Problem statement
For this exercise, retype the lines from the one that holds "Sarasota, FL 34233" through the one that holds "Mercedes Benz CLS" in the records below, both included, exactly and without pictures.

Material shown
_ _ _ _ _

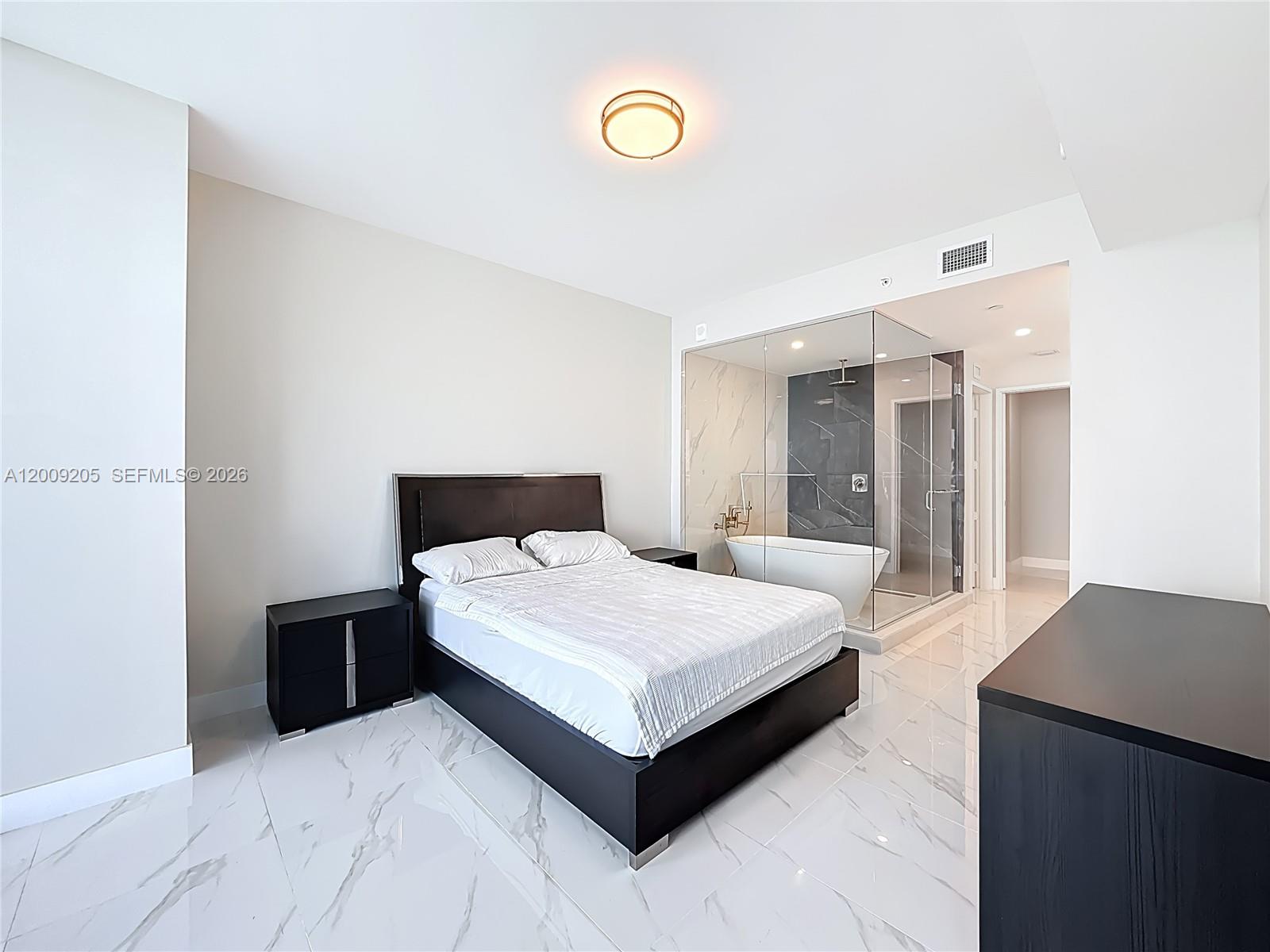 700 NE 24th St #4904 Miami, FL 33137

_ _ _ _ _

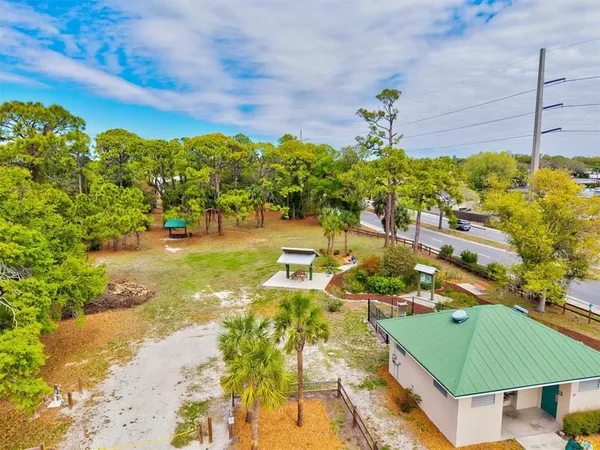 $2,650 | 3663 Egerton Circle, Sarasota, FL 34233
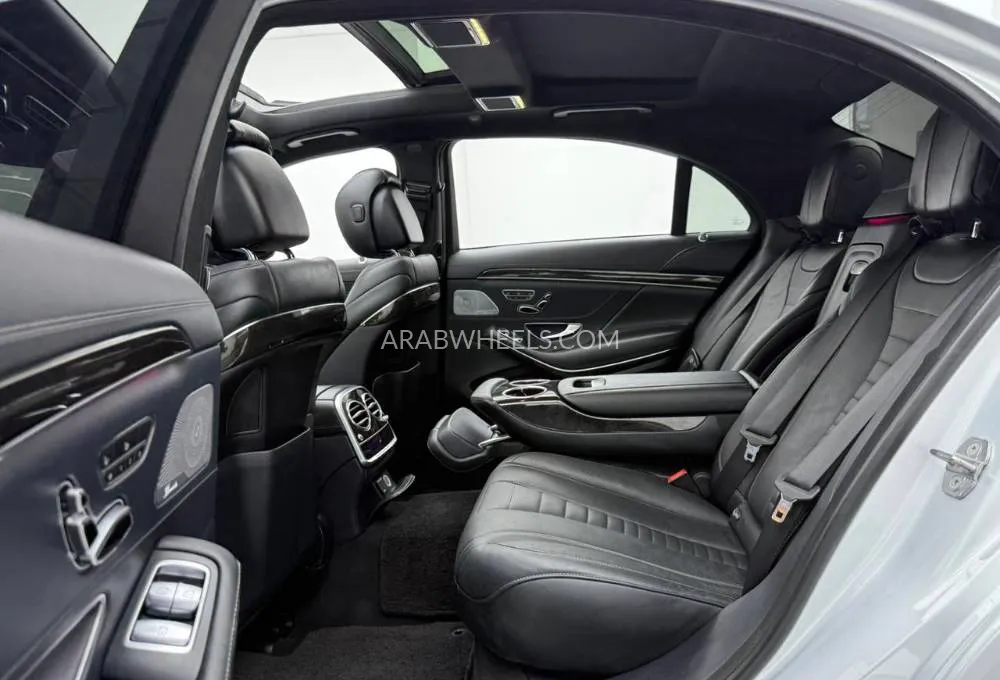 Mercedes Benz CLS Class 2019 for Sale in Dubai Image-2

_ _ _ _ _

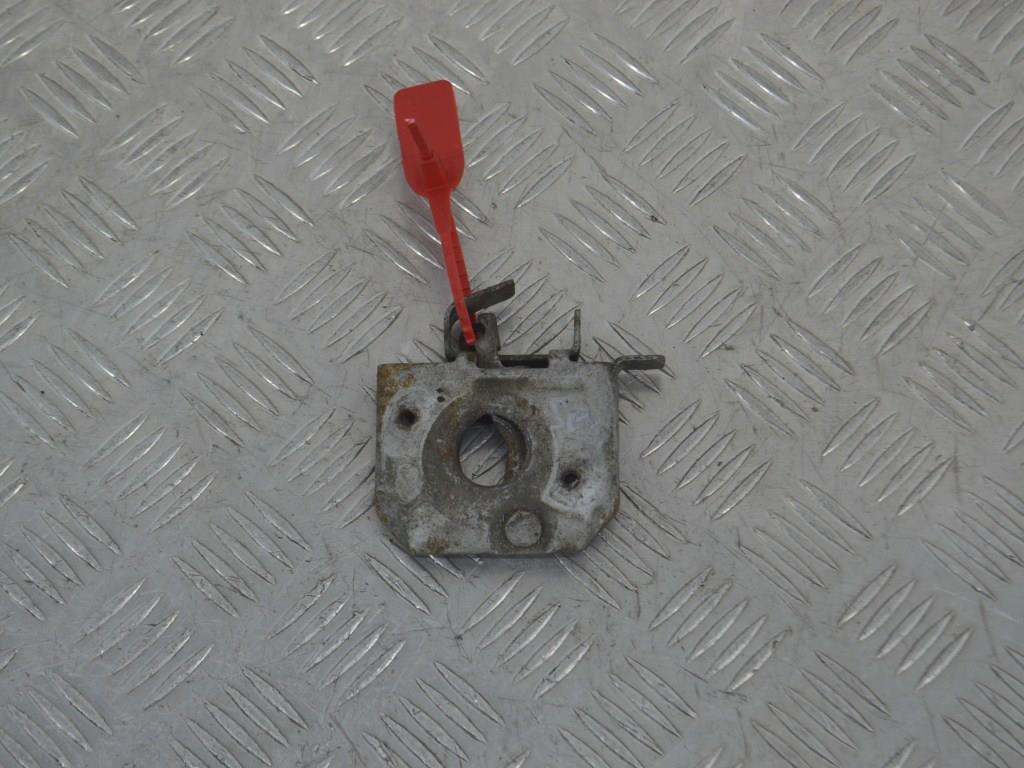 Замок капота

_ _ _ _ _

Answer box
 $2,650 | 3663 Egerton Circle, Sarasota, FL 34233
 Mercedes Benz CLS Class 2019 for Sale in Dubai Image-2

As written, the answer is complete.